Crawled caption data
= = = = = = =

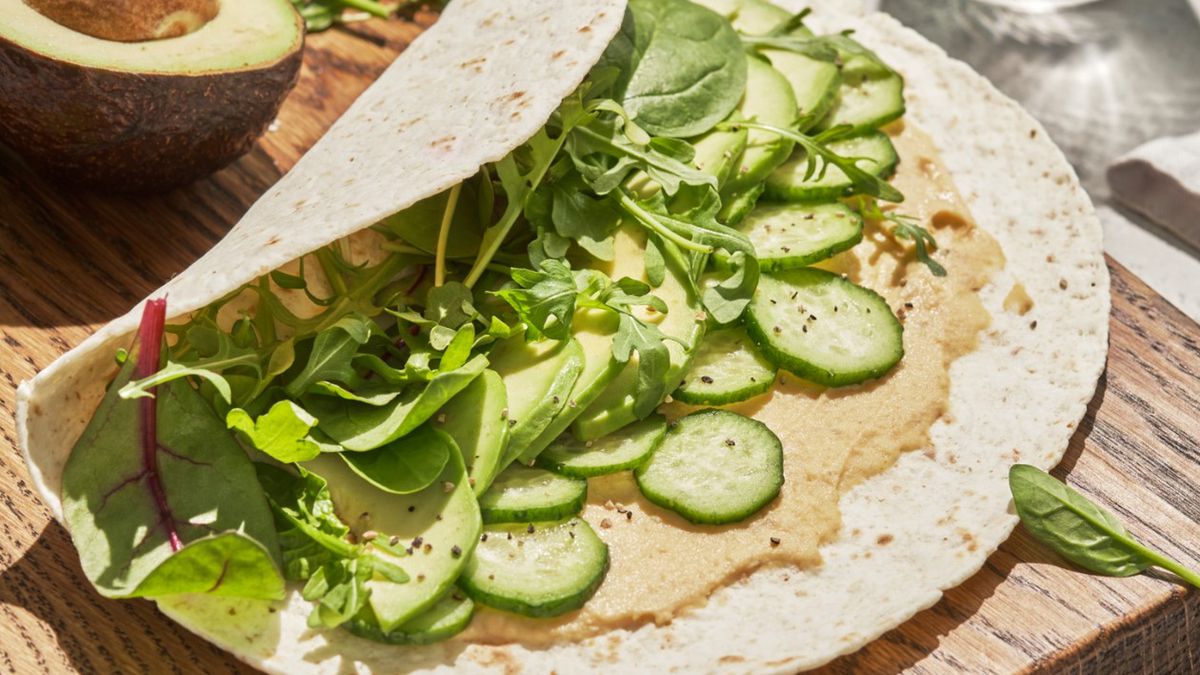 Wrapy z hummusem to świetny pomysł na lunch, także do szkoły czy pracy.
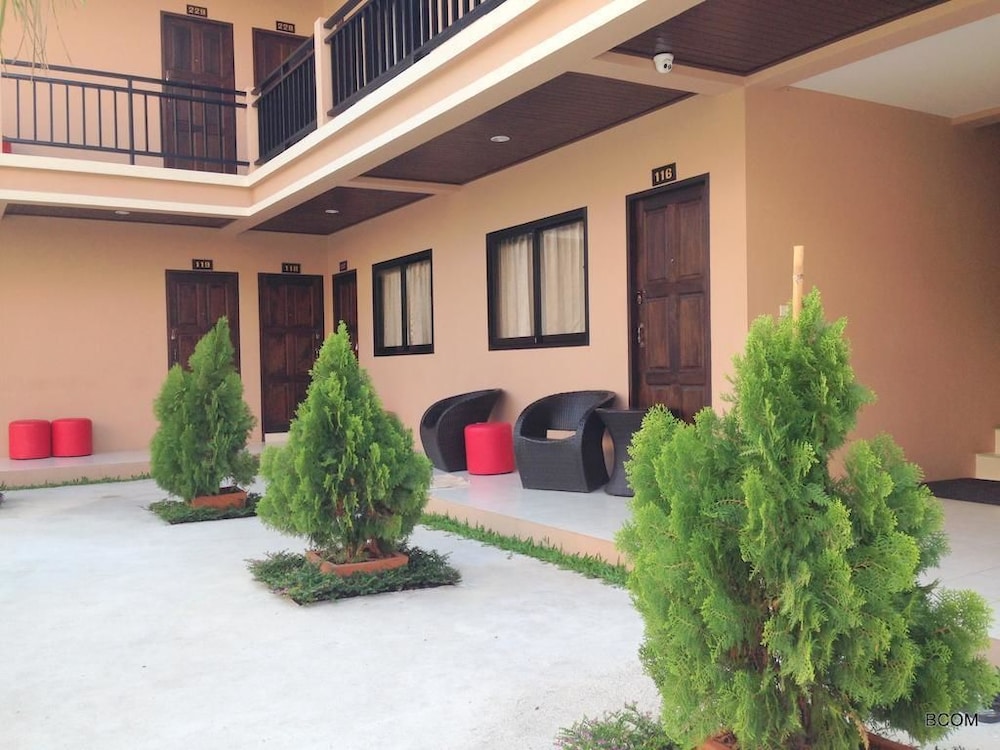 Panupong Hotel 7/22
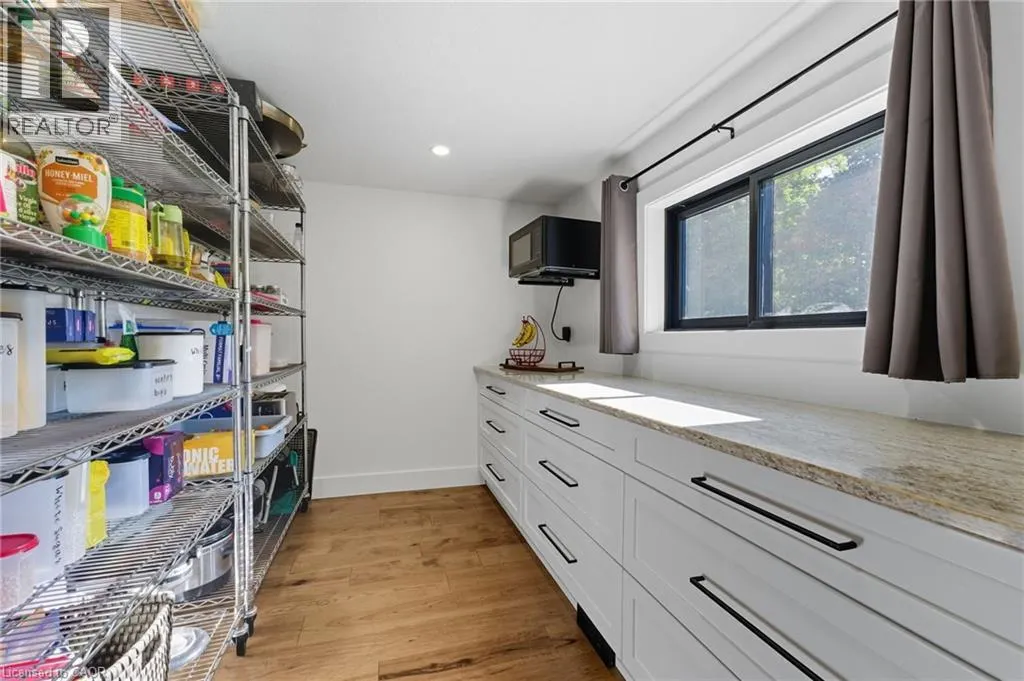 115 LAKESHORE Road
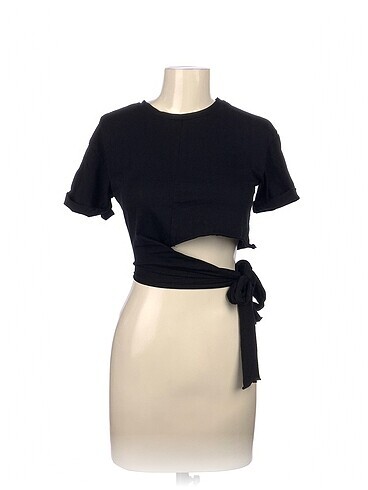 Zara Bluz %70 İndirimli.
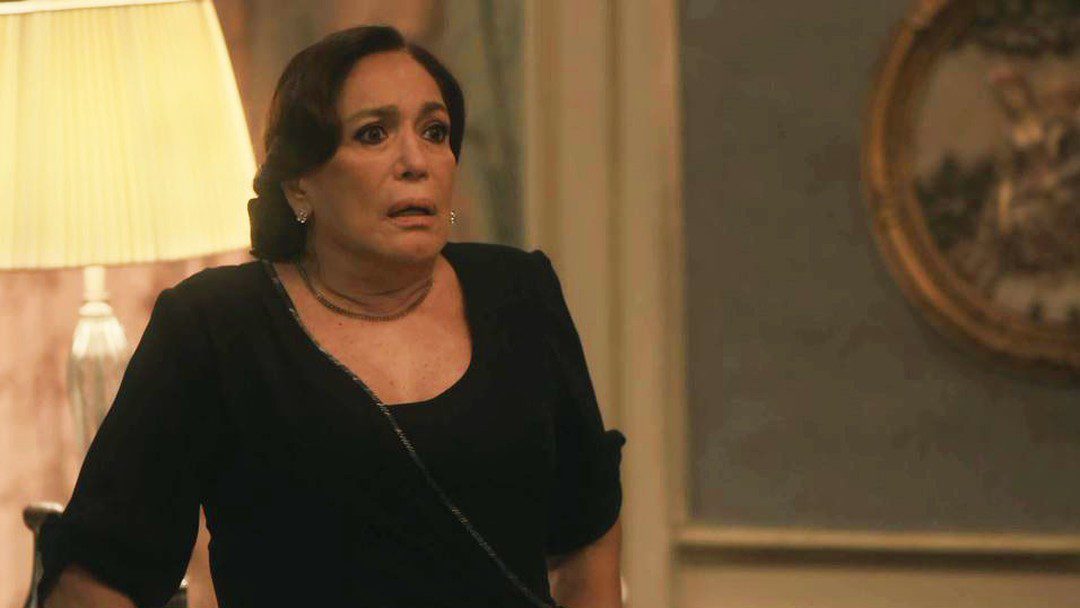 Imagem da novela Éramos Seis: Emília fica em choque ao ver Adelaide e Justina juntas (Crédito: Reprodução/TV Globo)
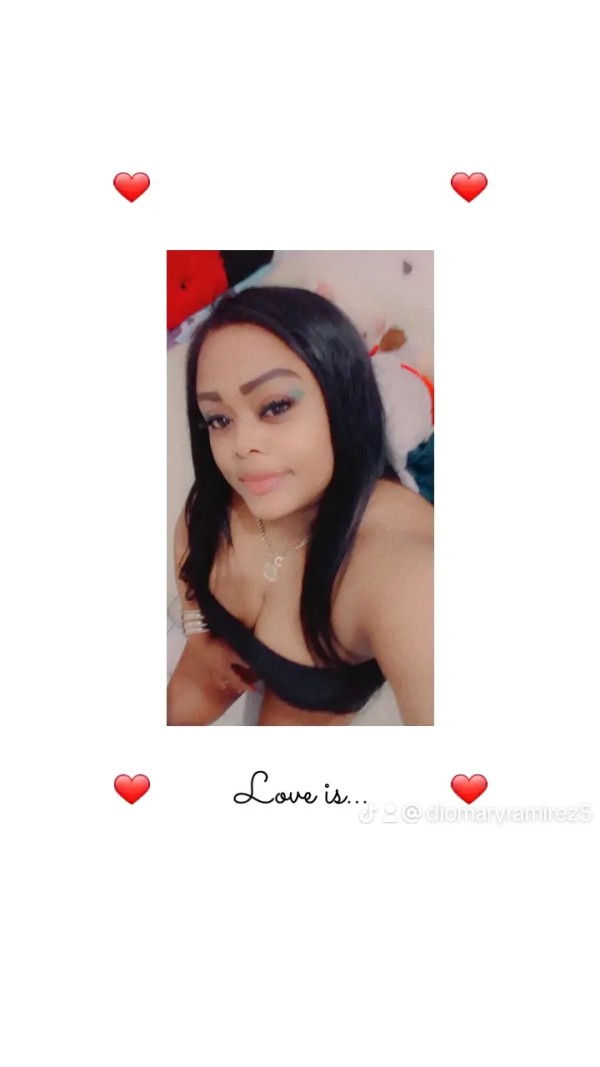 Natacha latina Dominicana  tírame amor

= = = = = = =

--- Activity ---
Repeat the records word for word and drop any pictures.

--- Answer for this exercise ---
 Wrapy z hummusem to świetny pomysł na lunch, także do szkoły czy pracy.
 Panupong Hotel 7/22
 115 LAKESHORE Road
 Zara Bluz %70 İndirimli.
 Imagem da novela Éramos Seis: Emília fica em choque ao ver Adelaide e Justina juntas (Crédito: Reprodução/TV Globo)
 Natacha latina Dominicana  tírame amor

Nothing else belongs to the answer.